- What to produce
Locate the line that contains "抗流感药速福达走俏：线上售价翻3倍 线下多家药店缺货图片", then copy it and all later lines of the data below exactly, through the last one.

- Saved entries
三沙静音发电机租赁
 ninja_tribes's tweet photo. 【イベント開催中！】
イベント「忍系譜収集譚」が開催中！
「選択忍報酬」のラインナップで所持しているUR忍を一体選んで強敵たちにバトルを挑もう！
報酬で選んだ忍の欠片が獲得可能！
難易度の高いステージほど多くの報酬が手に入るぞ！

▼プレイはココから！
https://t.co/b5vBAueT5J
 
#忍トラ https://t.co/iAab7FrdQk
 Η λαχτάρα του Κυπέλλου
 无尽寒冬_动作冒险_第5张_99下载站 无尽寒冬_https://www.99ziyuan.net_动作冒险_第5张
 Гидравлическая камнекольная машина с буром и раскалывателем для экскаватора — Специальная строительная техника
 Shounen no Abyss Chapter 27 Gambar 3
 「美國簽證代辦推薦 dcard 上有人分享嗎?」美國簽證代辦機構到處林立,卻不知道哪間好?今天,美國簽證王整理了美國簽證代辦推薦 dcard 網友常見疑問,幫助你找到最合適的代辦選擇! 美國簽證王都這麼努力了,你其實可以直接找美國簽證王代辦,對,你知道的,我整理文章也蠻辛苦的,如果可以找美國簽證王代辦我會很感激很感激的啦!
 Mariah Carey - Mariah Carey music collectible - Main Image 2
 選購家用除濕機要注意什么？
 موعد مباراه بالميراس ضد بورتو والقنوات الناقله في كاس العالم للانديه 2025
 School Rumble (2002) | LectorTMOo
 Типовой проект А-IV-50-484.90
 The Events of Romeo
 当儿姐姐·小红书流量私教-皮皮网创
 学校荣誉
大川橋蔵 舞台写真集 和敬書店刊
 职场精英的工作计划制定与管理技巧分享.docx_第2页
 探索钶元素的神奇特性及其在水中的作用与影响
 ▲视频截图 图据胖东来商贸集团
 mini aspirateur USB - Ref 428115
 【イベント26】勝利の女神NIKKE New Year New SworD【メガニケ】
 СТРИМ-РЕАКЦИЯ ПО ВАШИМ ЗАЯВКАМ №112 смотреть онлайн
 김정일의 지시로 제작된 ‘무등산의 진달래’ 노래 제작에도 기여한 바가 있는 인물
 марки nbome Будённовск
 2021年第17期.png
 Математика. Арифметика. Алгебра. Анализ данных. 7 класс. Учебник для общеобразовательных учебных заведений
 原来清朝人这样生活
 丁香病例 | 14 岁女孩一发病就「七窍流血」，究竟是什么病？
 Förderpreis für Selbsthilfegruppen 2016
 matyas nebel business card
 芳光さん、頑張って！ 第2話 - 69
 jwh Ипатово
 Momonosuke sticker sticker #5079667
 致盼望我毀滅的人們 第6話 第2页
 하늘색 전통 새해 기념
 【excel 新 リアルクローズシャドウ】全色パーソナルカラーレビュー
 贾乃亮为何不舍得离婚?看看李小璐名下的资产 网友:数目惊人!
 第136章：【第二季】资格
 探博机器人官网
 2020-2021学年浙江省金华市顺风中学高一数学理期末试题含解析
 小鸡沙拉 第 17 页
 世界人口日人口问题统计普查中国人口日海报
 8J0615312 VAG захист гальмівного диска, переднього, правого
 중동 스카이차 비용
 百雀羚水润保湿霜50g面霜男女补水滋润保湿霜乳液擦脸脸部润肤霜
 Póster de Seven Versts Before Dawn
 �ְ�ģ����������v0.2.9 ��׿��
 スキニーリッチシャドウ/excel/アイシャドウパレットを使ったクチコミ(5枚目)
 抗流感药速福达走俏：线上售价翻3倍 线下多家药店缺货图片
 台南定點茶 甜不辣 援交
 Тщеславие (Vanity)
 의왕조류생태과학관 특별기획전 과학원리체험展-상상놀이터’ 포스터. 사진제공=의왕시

- Solution below
 抗流感药速福达走俏：线上售价翻3倍 线下多家药店缺货图片
 台南定點茶 甜不辣 援交
 Тщеславие (Vanity)
 의왕조류생태과학관 특별기획전 과학원리체험展-상상놀이터’ 포스터. 사진제공=의왕시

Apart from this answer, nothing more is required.